Caption-style text data
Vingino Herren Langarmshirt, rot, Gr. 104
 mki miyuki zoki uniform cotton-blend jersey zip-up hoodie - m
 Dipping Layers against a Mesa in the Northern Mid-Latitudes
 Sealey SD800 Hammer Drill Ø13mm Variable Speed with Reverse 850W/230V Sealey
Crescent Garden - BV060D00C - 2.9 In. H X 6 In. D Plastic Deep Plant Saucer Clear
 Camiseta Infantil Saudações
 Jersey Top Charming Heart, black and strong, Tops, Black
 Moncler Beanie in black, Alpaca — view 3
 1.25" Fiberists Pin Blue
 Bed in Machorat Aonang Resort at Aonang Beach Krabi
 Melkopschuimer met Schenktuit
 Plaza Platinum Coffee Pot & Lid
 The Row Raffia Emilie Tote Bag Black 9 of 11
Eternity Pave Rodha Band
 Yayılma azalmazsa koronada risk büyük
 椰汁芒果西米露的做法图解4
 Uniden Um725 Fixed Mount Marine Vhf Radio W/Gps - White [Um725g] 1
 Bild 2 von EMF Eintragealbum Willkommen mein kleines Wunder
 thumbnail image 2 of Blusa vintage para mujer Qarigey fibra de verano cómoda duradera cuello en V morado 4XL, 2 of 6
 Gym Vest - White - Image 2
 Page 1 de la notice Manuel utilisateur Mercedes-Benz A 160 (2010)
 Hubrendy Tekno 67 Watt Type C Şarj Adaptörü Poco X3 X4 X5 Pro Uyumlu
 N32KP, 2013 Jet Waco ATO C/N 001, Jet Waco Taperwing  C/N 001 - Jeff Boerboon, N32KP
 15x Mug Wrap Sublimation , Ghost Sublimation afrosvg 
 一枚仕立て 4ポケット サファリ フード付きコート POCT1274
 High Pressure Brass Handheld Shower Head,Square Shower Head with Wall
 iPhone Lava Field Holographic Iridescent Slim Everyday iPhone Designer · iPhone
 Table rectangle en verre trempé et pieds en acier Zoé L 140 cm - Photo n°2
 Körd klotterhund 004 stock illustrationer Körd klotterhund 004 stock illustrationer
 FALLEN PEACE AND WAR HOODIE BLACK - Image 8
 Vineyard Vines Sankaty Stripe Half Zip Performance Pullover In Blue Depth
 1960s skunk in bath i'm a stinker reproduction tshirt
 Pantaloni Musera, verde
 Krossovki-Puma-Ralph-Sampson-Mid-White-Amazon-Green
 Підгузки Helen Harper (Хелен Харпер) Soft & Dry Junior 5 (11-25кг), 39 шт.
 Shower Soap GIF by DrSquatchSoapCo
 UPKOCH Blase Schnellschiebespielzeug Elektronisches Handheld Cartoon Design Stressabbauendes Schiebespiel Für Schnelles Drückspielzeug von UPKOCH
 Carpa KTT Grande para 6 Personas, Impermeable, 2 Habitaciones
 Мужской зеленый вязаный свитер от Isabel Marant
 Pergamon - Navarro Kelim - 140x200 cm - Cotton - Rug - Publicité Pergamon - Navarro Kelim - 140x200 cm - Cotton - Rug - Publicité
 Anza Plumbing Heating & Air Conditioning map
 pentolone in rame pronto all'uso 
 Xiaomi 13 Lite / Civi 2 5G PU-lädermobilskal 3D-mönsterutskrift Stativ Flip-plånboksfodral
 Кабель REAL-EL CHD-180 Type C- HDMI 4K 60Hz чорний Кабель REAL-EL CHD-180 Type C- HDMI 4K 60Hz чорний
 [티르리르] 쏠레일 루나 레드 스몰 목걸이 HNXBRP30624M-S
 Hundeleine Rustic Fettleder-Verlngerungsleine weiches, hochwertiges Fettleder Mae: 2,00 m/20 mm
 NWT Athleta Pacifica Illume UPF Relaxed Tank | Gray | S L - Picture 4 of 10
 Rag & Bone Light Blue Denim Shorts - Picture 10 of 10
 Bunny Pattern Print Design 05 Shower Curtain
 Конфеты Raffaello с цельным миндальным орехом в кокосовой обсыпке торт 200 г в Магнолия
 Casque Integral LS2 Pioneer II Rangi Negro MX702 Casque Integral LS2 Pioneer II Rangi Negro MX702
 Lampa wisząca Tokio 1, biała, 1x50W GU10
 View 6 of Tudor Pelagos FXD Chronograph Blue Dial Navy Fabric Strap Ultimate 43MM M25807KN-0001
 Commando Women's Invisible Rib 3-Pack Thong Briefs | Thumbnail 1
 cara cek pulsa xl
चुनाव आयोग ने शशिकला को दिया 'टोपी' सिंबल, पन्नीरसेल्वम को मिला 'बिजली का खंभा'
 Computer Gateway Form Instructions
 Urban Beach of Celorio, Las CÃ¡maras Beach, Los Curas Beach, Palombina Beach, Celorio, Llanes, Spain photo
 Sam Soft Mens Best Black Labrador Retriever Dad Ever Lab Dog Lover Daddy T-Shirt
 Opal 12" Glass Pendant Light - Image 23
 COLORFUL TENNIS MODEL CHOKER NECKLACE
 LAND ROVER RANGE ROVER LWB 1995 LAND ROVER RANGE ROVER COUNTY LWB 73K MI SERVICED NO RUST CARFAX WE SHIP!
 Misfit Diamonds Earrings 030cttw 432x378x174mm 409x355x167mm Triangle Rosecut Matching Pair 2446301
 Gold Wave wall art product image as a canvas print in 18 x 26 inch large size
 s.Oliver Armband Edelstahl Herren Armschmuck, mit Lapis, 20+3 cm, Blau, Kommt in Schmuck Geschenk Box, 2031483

What you will do:
Line by line, transcribe the data exactly.

Problem solution:
Vingino Herren Langarmshirt, rot, Gr. 104
 mki miyuki zoki uniform cotton-blend jersey zip-up hoodie - m
 Dipping Layers against a Mesa in the Northern Mid-Latitudes
 Sealey SD800 Hammer Drill Ø13mm Variable Speed with Reverse 850W/230V Sealey
Crescent Garden - BV060D00C - 2.9 In. H X 6 In. D Plastic Deep Plant Saucer Clear
 Camiseta Infantil Saudações
 Jersey Top Charming Heart, black and strong, Tops, Black
 Moncler Beanie in black, Alpaca — view 3
 1.25" Fiberists Pin Blue
 Bed in Machorat Aonang Resort at Aonang Beach Krabi
 Melkopschuimer met Schenktuit
 Plaza Platinum Coffee Pot & Lid
 The Row Raffia Emilie Tote Bag Black 9 of 11
Eternity Pave Rodha Band
 Yayılma azalmazsa koronada risk büyük
 椰汁芒果西米露的做法图解4
 Uniden Um725 Fixed Mount Marine Vhf Radio W/Gps - White [Um725g] 1
 Bild 2 von EMF Eintragealbum Willkommen mein kleines Wunder
 thumbnail image 2 of Blusa vintage para mujer Qarigey fibra de verano cómoda duradera cuello en V morado 4XL, 2 of 6
 Gym Vest - White - Image 2
 Page 1 de la notice Manuel utilisateur Mercedes-Benz A 160 (2010)
 Hubrendy Tekno 67 Watt Type C Şarj Adaptörü Poco X3 X4 X5 Pro Uyumlu
 N32KP, 2013 Jet Waco ATO C/N 001, Jet Waco Taperwing  C/N 001 - Jeff Boerboon, N32KP
 15x Mug Wrap Sublimation , Ghost Sublimation afrosvg 
 一枚仕立て 4ポケット サファリ フード付きコート POCT1274
 High Pressure Brass Handheld Shower Head,Square Shower Head with Wall
 iPhone Lava Field Holographic Iridescent Slim Everyday iPhone Designer · iPhone
 Table rectangle en verre trempé et pieds en acier Zoé L 140 cm - Photo n°2
 Körd klotterhund 004 stock illustrationer Körd klotterhund 004 stock illustrationer
 FALLEN PEACE AND WAR HOODIE BLACK - Image 8
 Vineyard Vines Sankaty Stripe Half Zip Performance Pullover In Blue Depth
 1960s skunk in bath i'm a stinker reproduction tshirt
 Pantaloni Musera, verde
 Krossovki-Puma-Ralph-Sampson-Mid-White-Amazon-Green
 Підгузки Helen Harper (Хелен Харпер) Soft & Dry Junior 5 (11-25кг), 39 шт.
 Shower Soap GIF by DrSquatchSoapCo
 UPKOCH Blase Schnellschiebespielzeug Elektronisches Handheld Cartoon Design Stressabbauendes Schiebespiel Für Schnelles Drückspielzeug von UPKOCH
 Carpa KTT Grande para 6 Personas, Impermeable, 2 Habitaciones
 Мужской зеленый вязаный свитер от Isabel Marant
 Pergamon - Navarro Kelim - 140x200 cm - Cotton - Rug - Publicité Pergamon - Navarro Kelim - 140x200 cm - Cotton - Rug - Publicité
 Anza Plumbing Heating & Air Conditioning map
 pentolone in rame pronto all'uso 
 Xiaomi 13 Lite / Civi 2 5G PU-lädermobilskal 3D-mönsterutskrift Stativ Flip-plånboksfodral
 Кабель REAL-EL CHD-180 Type C- HDMI 4K 60Hz чорний Кабель REAL-EL CHD-180 Type C- HDMI 4K 60Hz чорний
 [티르리르] 쏠레일 루나 레드 스몰 목걸이 HNXBRP30624M-S
 Hundeleine Rustic Fettleder-Verlngerungsleine weiches, hochwertiges Fettleder Mae: 2,00 m/20 mm
 NWT Athleta Pacifica Illume UPF Relaxed Tank | Gray | S L - Picture 4 of 10
 Rag & Bone Light Blue Denim Shorts - Picture 10 of 10
 Bunny Pattern Print Design 05 Shower Curtain
 Конфеты Raffaello с цельным миндальным орехом в кокосовой обсыпке торт 200 г в Магнолия
 Casque Integral LS2 Pioneer II Rangi Negro MX702 Casque Integral LS2 Pioneer II Rangi Negro MX702
 Lampa wisząca Tokio 1, biała, 1x50W GU10
 View 6 of Tudor Pelagos FXD Chronograph Blue Dial Navy Fabric Strap Ultimate 43MM M25807KN-0001
 Commando Women's Invisible Rib 3-Pack Thong Briefs | Thumbnail 1
 cara cek pulsa xl
चुनाव आयोग ने शशिकला को दिया 'टोपी' सिंबल, पन्नीरसेल्वम को मिला 'बिजली का खंभा'
 Computer Gateway Form Instructions
 Urban Beach of Celorio, Las CÃ¡maras Beach, Los Curas Beach, Palombina Beach, Celorio, Llanes, Spain photo
 Sam Soft Mens Best Black Labrador Retriever Dad Ever Lab Dog Lover Daddy T-Shirt
 Opal 12" Glass Pendant Light - Image 23
 COLORFUL TENNIS MODEL CHOKER NECKLACE
 LAND ROVER RANGE ROVER LWB 1995 LAND ROVER RANGE ROVER COUNTY LWB 73K MI SERVICED NO RUST CARFAX WE SHIP!
 Misfit Diamonds Earrings 030cttw 432x378x174mm 409x355x167mm Triangle Rosecut Matching Pair 2446301
 Gold Wave wall art product image as a canvas print in 18 x 26 inch large size
 s.Oliver Armband Edelstahl Herren Armschmuck, mit Lapis, 20+3 cm, Blau, Kommt in Schmuck Geschenk Box, 2031483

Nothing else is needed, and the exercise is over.